What you have to do: The range to repeat runs from the line with "The Top U.S." to the last line below, both ends included; give it exactly and without pictures.

* * * * *

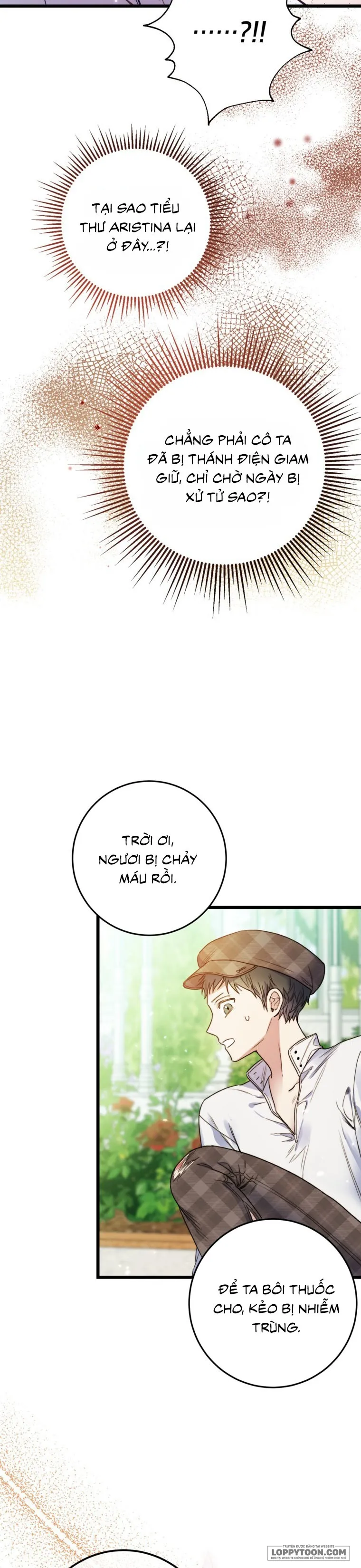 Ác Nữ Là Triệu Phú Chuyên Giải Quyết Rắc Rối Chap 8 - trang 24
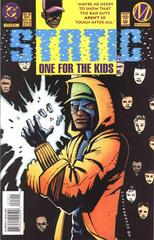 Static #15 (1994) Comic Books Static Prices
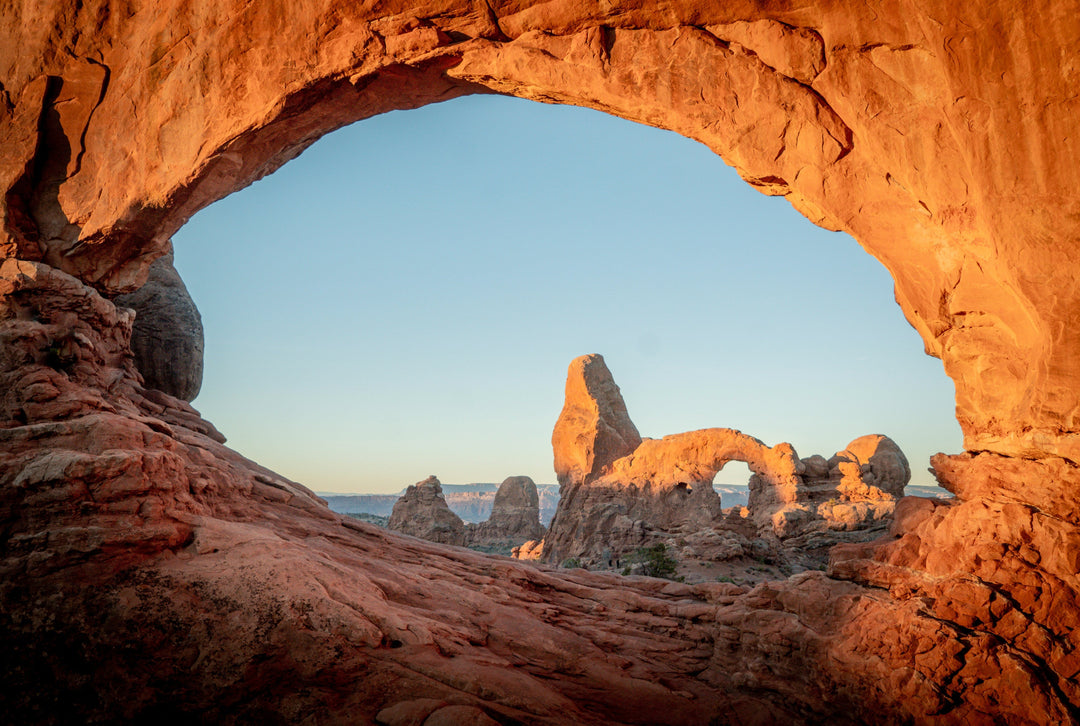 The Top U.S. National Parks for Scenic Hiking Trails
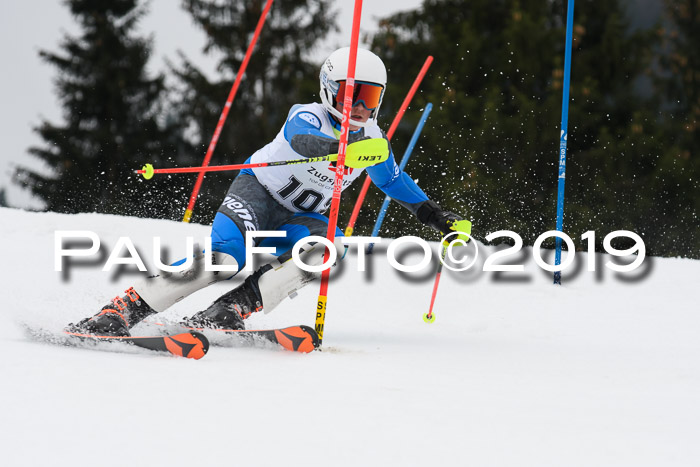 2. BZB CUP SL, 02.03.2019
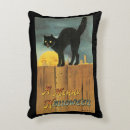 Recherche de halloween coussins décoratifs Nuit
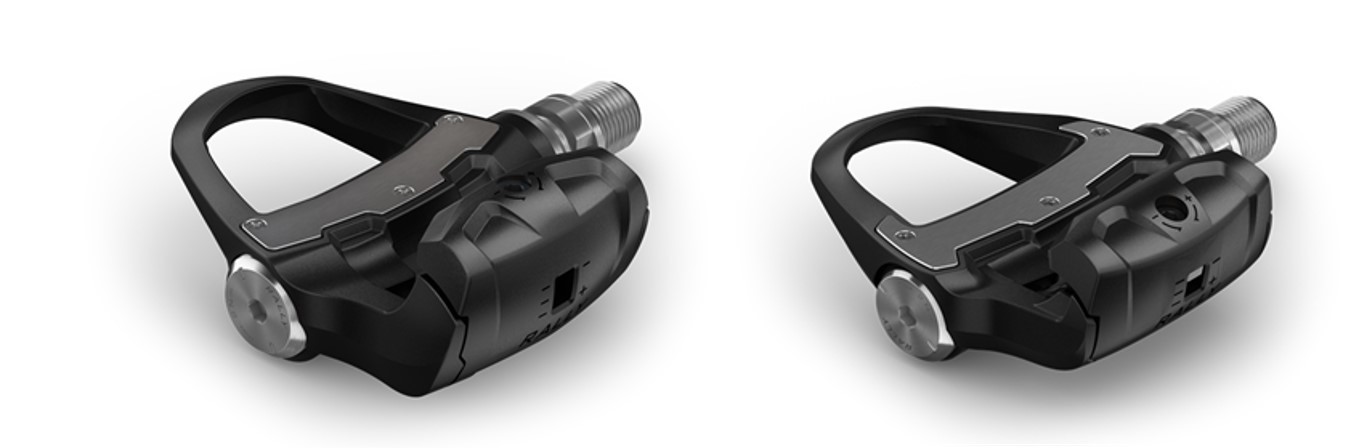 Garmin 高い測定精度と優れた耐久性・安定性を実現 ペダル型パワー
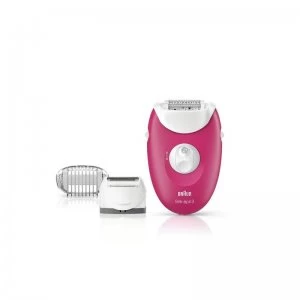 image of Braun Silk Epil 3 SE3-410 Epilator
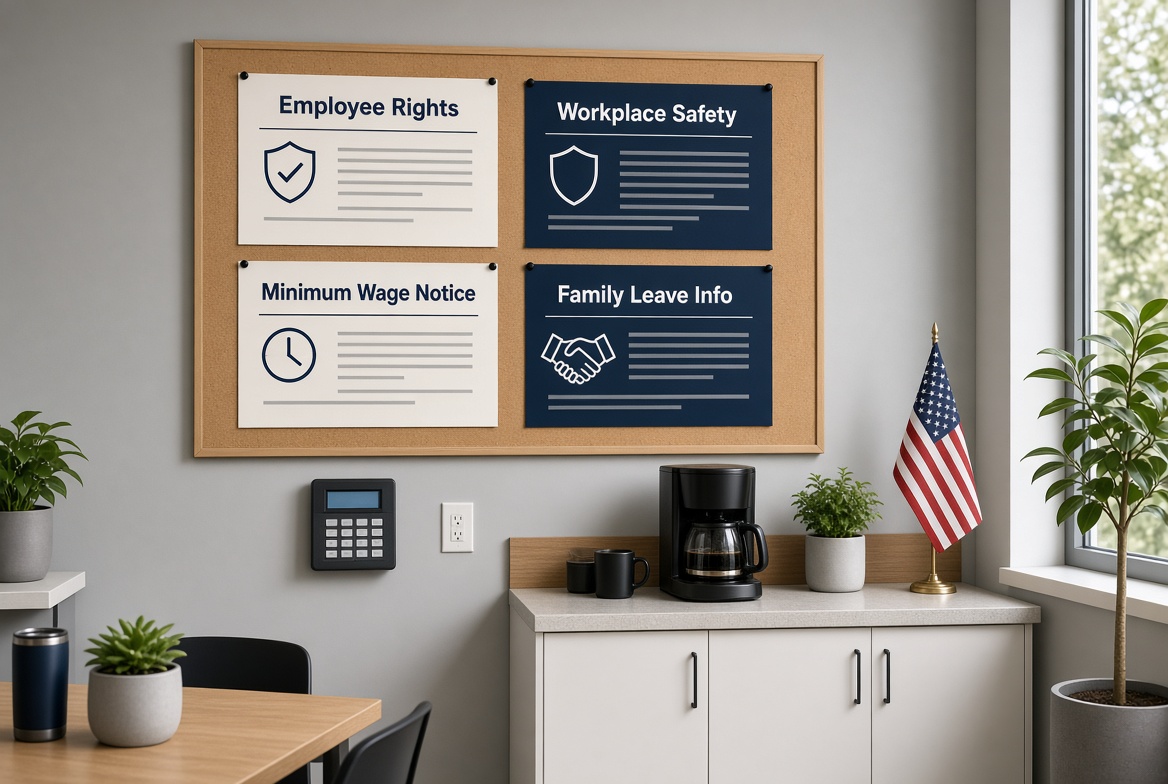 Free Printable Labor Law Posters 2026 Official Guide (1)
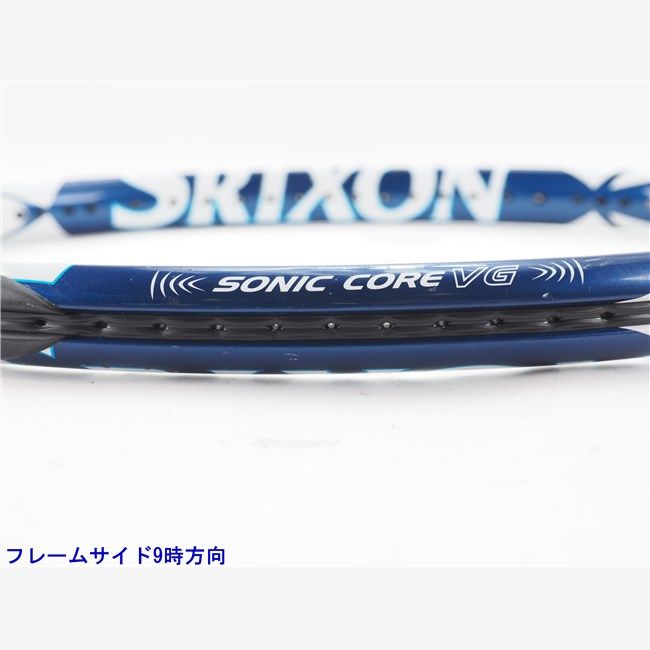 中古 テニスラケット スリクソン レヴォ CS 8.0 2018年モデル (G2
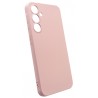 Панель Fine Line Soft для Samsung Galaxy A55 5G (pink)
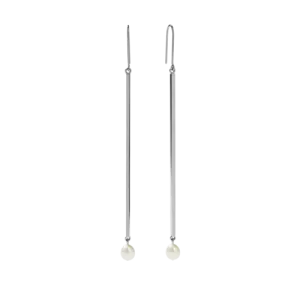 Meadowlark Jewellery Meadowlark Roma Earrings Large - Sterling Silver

* * * * *

Task output:
 The Top U.S. National Parks for Scenic Hiking Trails
 2. BZB CUP SL, 02.03.2019
 Recherche de halloween coussins décoratifs Nuit
 Garmin 高い測定精度と優れた耐久性・安定性を実現 ペダル型パワー
 image of Braun Silk Epil 3 SE3-410 Epilator
 Free Printable Labor Law Posters 2026 Official Guide (1)
 中古 テニスラケット スリクソン レヴォ CS 8.0 2018年モデル (G2
 Панель Fine Line Soft для Samsung Galaxy A55 5G (pink)
 Meadowlark Jewellery Meadowlark Roma Earrings Large - Sterling Silver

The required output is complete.